Is GZIP compression output stable?-CodePudding

I need to store remotely some chunks of data and compare them too see if there are duplications. I will compile a specific C program and I would like to compress this chuncks with GZIP.

My doubt is: if I compress the same chunk of data with the same C program using a gzip library on different computers, will it give the exact same result or could it give different compressed results?

Target PC/Servers could be with different Linux OSs like Ubuntu/CentOs/Debian, etc.

May I force same result by statically linking a specific gzip library?

CodePudding user response：

if I compress the same chunk of data with the same C program using a gzip library on different computers, will it give the exact same result or could it give different compressed results?
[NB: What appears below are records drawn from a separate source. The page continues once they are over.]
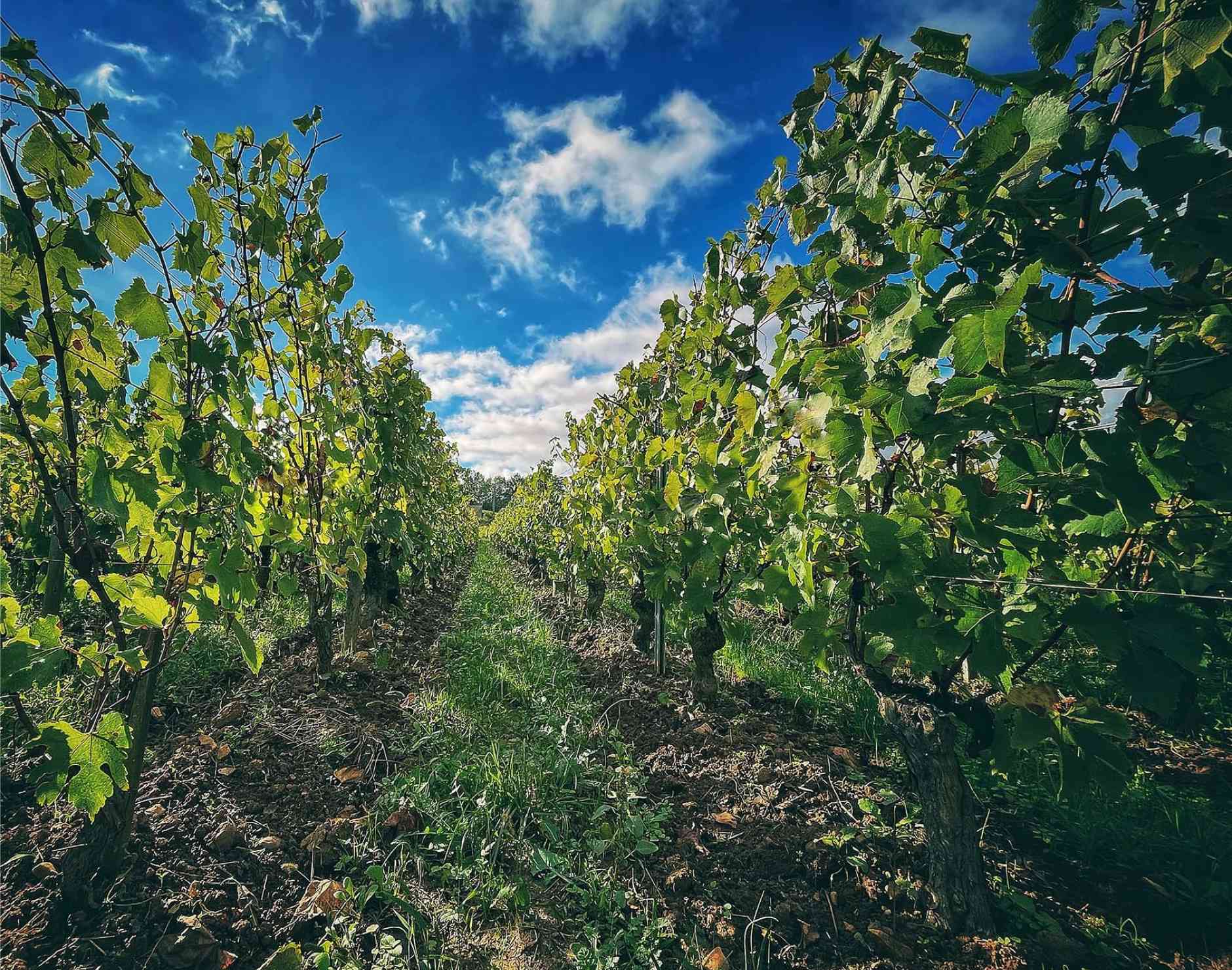 Ressusciter les sols avec la viticulture biologique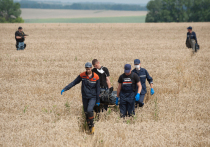 Вашингтон в паре с Киевом не интересует истинное расследование крушения рейса MH17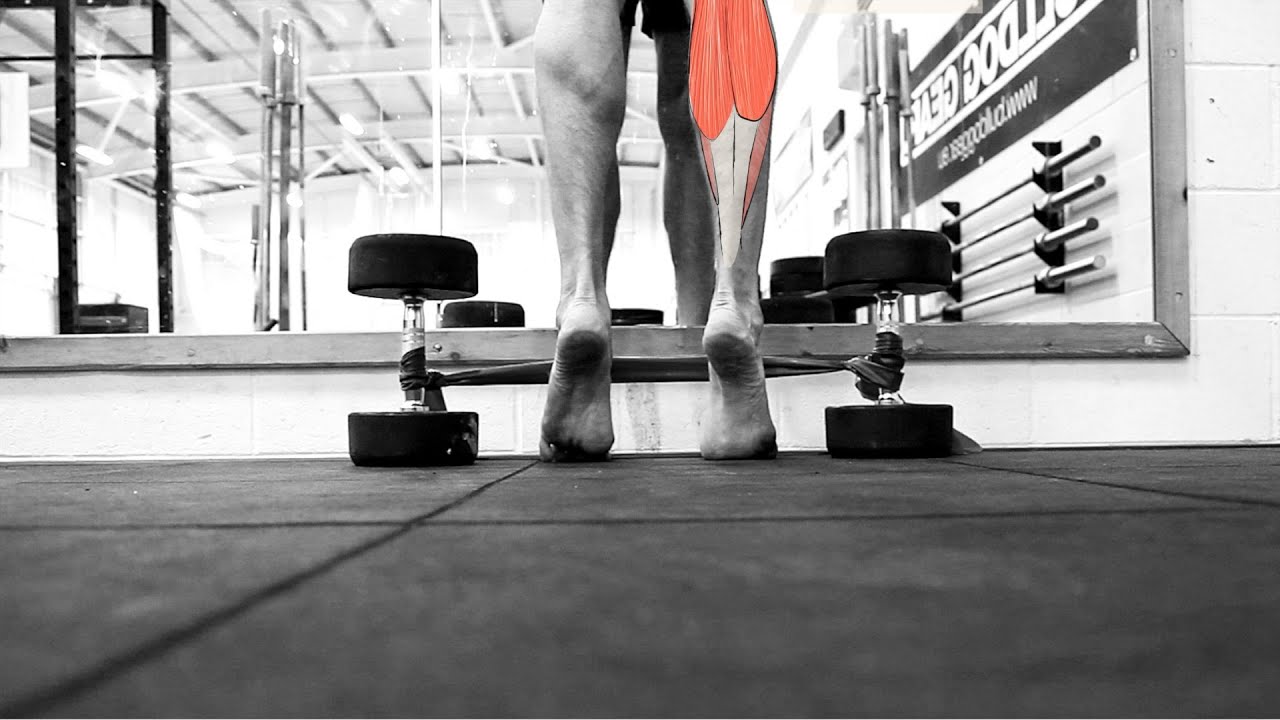 Calf Raises - Gastrocnemius
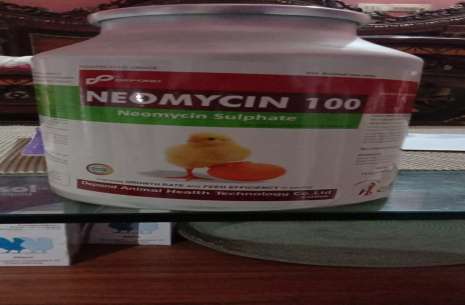 Neomycin 100
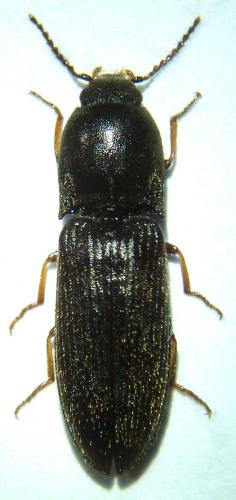 Agriotes ustulatus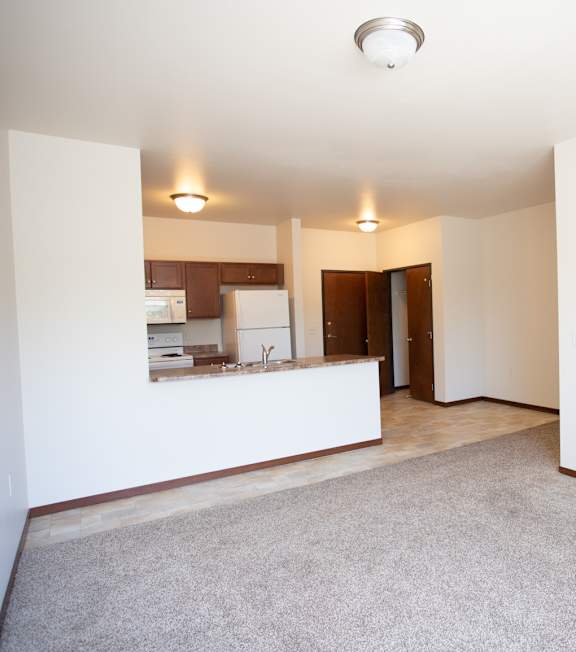 A room with a carpeted floor and a brown door.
While it may be true in the majority of the cases, I don't think you can safely make this assumption. The compressed output can differ depending on the default compression level and coding used by the library. For example the GNU gzip tool uses LZ77 and OpenBSD gzip uses compress (according to Wikipedia). I don't know if this difference comes from different libraries or different configurations of the same library, but nonetheless I would really avoid assuming that a generic chunk of gzipped data is exactly the same when compressed using different implementations.

May I force same result by statically linking a specific gzip library?

Yes, this could be a solution. Using the same version of the same library with the same configuration across different systems would give you the same compressed output.

You could also avoid this problem in other ways:

Perform the compression on the server, and only send uncompressed data (this is probably not a good solution as sending uncompressed data is slow).
Use hashes of the uncompressed data, store them on the server and check them by making the client send an hash first, and then the compressed data in case the server says the hash doesn't match (i.e. the chunk is not a duplicate). This also has the advantage of only needing to check the hash (and avoiding compression altogether if the hash matches).
Similar to option 2, use hashes of the uncompressed data, but always send compressed data to the server. The server then does decompression (which can be easily done in memory using a relatively small buffer) and hashes the uncompressed data to check if the received chunk is a duplicate before storing it.

CodePudding user response：

May I force same result by statically linking a specific gzip library?

That's not enough, you also need the same compression level at the very least, as well as any other options your particular properties your library might have (usually it's just the level).

If you use the same version of the library and the same compression level, then it's likely that the output is identical (or stable, as you call it). That's not a very strong guarantee however, I'd recommend using a hashing function instead, that's what they're meant for.